Labels: criteria, criteria development, Ralph Keeny
Many people use pairwise comparisons during their decision making efforts. First, this method may be used to determine the relative importance (the weightings) of the criteria. Second, pairwise comparisons are sometimes used to evaluate the alternatives relative to the criteria. BOTH OF THESE ARE A WASTE OF TIME!! Don’t get me wrong, I think pairwise comparisons can be helpful, just that there are faster ways of getting virtually the same results. In this brief note I will only tackle why you shouldn't bother for finding importance.
Through his books and companies, Tom Saaty has popularized pairwise comparisons as a part of his Analytic Hierarchy
(AHP) and Analytic Network
Processes In the Analytic Network Process book, on pages 26- 31, Saaty gives the example of using eight criteria to help select a house (e.g. Size of House, Transportation, Neighborhood, etc). His method requires that all the criteria be compared to each other one pair at a time to find the most important for each comparison. Further, a dominance factor is given to the better of the pair relating how much more important one factor is to another. If working with a team, they need to come to agreement on the dominance factors (I will come back to this point later). For the 8 criteria, there are 28 comparisons and the need to judge 28 dominance factors. In general, for N factors there are (N-1) + (N-2) +…. 1 comparisons.

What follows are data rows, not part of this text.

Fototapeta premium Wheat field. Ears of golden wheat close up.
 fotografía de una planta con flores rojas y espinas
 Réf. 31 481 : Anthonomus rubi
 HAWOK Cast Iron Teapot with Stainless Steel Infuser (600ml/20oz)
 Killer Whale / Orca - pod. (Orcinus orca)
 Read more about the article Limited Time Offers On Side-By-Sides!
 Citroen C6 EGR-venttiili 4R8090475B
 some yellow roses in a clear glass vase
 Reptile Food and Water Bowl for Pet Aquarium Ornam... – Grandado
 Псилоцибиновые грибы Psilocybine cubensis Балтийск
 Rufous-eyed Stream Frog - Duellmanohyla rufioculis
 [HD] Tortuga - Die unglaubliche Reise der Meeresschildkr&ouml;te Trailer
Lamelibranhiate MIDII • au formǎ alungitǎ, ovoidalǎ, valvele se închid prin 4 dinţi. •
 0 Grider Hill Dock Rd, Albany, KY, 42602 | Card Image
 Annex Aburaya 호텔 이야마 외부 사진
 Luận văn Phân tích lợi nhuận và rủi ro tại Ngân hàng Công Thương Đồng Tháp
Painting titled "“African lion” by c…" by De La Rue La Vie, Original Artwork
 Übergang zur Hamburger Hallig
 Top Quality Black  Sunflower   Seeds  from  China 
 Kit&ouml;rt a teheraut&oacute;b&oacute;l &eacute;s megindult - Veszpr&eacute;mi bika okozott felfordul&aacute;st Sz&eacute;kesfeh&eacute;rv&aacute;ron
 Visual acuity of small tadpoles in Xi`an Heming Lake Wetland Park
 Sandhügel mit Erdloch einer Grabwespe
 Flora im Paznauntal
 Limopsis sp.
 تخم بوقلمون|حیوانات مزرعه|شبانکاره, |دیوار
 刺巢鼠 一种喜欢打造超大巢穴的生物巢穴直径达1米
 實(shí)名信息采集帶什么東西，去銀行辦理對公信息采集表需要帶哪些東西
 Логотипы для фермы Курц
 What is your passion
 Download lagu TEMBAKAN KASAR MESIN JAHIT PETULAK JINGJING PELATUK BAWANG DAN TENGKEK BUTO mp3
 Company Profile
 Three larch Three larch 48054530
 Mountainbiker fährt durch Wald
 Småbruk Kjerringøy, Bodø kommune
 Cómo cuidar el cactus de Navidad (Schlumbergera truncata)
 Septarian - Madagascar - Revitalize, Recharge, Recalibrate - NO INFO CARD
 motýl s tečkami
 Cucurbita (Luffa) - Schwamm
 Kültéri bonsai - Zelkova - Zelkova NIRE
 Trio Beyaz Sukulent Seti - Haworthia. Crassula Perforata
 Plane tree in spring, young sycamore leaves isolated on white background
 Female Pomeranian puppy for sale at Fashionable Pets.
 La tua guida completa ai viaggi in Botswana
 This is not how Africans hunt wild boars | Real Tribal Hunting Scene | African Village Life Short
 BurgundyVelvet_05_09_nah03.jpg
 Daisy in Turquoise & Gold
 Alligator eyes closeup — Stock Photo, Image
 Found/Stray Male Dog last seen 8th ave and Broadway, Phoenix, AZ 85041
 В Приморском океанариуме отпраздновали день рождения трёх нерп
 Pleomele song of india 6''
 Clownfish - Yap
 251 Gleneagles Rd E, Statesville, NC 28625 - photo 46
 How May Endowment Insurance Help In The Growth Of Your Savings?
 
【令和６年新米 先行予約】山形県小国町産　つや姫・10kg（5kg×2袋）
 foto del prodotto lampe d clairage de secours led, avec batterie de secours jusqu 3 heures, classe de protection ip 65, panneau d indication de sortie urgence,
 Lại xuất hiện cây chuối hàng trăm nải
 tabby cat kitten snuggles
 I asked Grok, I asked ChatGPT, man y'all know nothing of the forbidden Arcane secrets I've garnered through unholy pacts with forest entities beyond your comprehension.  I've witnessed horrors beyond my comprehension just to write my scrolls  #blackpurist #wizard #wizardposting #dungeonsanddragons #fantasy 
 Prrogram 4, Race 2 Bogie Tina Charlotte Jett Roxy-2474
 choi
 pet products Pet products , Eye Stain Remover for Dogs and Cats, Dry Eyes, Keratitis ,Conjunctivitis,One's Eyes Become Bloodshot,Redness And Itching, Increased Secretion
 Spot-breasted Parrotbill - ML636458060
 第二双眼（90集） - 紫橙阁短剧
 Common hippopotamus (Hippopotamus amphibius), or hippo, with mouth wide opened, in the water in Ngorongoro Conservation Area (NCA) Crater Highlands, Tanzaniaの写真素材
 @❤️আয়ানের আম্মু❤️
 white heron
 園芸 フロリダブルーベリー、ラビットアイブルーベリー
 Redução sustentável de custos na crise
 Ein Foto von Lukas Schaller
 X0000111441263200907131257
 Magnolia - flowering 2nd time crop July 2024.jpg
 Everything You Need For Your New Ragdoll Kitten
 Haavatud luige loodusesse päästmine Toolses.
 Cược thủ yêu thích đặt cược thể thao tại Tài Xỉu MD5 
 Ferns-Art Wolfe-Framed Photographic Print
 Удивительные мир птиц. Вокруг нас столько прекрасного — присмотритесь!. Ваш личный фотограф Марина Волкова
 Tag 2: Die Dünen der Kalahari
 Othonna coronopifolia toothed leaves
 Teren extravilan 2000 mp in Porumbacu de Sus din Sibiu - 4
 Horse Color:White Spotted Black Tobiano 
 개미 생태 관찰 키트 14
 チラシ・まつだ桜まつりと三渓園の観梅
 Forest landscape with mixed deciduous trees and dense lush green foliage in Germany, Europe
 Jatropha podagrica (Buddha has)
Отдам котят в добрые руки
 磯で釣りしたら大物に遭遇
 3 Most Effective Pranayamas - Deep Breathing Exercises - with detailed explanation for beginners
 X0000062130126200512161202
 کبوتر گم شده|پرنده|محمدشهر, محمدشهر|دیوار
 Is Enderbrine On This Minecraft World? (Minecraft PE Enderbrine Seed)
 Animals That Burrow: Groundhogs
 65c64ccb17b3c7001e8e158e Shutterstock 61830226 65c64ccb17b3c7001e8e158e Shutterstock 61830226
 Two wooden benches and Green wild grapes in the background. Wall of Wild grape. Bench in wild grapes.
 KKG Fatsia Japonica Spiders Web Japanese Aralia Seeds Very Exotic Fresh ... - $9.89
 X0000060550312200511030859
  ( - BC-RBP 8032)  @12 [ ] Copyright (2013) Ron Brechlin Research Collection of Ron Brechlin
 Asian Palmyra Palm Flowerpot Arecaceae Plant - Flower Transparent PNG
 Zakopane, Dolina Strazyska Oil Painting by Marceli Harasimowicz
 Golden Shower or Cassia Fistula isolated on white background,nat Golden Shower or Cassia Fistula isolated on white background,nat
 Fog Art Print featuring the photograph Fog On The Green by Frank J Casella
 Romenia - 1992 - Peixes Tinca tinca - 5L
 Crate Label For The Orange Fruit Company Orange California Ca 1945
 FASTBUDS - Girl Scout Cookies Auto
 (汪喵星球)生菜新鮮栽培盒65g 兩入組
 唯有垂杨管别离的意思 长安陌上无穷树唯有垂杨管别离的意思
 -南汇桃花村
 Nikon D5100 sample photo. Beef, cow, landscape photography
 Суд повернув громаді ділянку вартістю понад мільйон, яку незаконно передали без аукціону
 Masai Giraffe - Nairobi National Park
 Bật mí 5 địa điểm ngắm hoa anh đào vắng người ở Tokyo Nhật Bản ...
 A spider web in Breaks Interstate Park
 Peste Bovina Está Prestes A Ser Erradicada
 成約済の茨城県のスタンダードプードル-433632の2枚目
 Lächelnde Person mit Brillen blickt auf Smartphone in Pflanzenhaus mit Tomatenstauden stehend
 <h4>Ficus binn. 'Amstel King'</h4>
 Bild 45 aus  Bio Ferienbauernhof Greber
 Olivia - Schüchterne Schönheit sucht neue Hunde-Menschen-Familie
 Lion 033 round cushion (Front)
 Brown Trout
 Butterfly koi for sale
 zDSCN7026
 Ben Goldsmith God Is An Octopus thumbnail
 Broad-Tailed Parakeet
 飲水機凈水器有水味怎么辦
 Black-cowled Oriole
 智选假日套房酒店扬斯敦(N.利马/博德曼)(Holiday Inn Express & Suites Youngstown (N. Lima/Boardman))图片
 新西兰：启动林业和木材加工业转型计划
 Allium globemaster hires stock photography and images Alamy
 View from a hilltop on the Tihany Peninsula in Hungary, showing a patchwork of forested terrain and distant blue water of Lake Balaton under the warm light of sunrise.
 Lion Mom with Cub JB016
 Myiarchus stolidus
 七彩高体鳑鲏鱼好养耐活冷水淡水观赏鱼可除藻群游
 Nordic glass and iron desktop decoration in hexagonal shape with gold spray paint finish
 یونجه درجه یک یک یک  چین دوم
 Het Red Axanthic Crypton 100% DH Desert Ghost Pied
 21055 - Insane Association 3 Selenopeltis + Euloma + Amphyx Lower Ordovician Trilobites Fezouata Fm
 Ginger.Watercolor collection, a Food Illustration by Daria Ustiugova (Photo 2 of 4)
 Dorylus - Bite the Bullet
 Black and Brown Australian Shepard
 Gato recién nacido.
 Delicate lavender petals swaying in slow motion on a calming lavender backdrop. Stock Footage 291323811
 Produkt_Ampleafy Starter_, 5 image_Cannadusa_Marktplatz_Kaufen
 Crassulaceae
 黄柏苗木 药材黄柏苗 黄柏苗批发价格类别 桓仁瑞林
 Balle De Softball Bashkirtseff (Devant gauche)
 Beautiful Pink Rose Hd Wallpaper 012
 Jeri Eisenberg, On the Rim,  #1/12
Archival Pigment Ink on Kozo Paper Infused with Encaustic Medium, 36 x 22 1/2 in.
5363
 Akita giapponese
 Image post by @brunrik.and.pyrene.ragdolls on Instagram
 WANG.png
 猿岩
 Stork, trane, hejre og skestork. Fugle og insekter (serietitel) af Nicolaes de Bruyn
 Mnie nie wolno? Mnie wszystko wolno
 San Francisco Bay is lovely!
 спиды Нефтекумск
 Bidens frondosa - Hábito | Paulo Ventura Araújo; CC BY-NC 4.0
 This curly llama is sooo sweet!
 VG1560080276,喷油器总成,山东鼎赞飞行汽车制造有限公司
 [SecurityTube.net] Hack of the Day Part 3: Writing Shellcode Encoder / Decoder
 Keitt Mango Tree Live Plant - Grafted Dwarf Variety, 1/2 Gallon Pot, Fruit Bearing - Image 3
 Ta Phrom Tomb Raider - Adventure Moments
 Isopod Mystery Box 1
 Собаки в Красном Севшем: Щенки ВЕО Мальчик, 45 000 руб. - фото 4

For the example in his book (where the numbers represent the 8 criteria (i.e. factors)) a matrix of the pairwise comparisons is a shown below. Note that the opposite entries are just reciprocals of each other. Criterion 1 is 5 times as important as criterion 2 and so criterion 2 is 1/5 as important as criterion 1.
The Priority Vector is reduction of the values (using an eigenvector analysis) to develop the relative weightings - the importance of each criterion.
Compare this to a method proposed by Ward Edwards, one of the fathers of modern decision theory. He suggested that asking decision makers to weigh criteria is so fraught with error that it is easier, and no less accurate, just to ask them to rank the criteria and then automatically set the weights according to the ranking
. This “error” is exasperated when there are multiple constituencies represented in the organization.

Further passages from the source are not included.